The problem is compounded by an education system that is not yet equipped for this new reality. Asked if Sri Lanka’s current system was ready for an AI-driven future, Fernando was blunt in his response, saying: “We are definitely not.”

​Dr. Ranawana stressed that this transformation must begin at the foundational level. “Countries like the UAE and Singapore teach AI almost from Grade 2 onwards. If we really want a similar change, we also have to have an AI transformation,” he explained.

The human element: Augmentation, not replacement

For the average worker, the primary fear is: ‘Will I lose my job to a machine?’ Dr. Ranawana believes the narrative of mass replacement is largely overblown. “There will be certain jobs which will be replaced, but a bulk of the jobs won’t be,” he stressed.

He compared the current moment to the dawn of the computing age. “There were people who were unable to keep their jobs when computers came, so they had to upskill. Going forward as well, most jobs are going to require the use of AI.”

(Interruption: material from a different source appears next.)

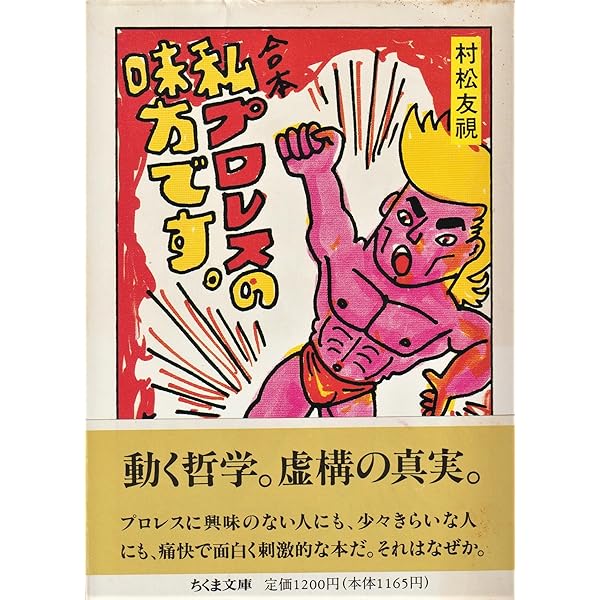 私、プロレスの味方です (新風舎文庫 む 100) | 村松 友視 |本 | 通販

According to Dr. Ranawana, the threat isn’t AI itself but a failure to adapt to it. “I don’t think people are going to be replaced [by AI], but they will be replaced by those who know how to use AI better.”

Fernando shared a similar historical perspective, noting: “Many decades ago, when factories were introduced with technology and machinery, people were worried that they would lose jobs,” he said. “A similar thing has happened to some white-collar jobs at present. In that context, it can have an impact, but I don’t think we will be left out. We will catch up.”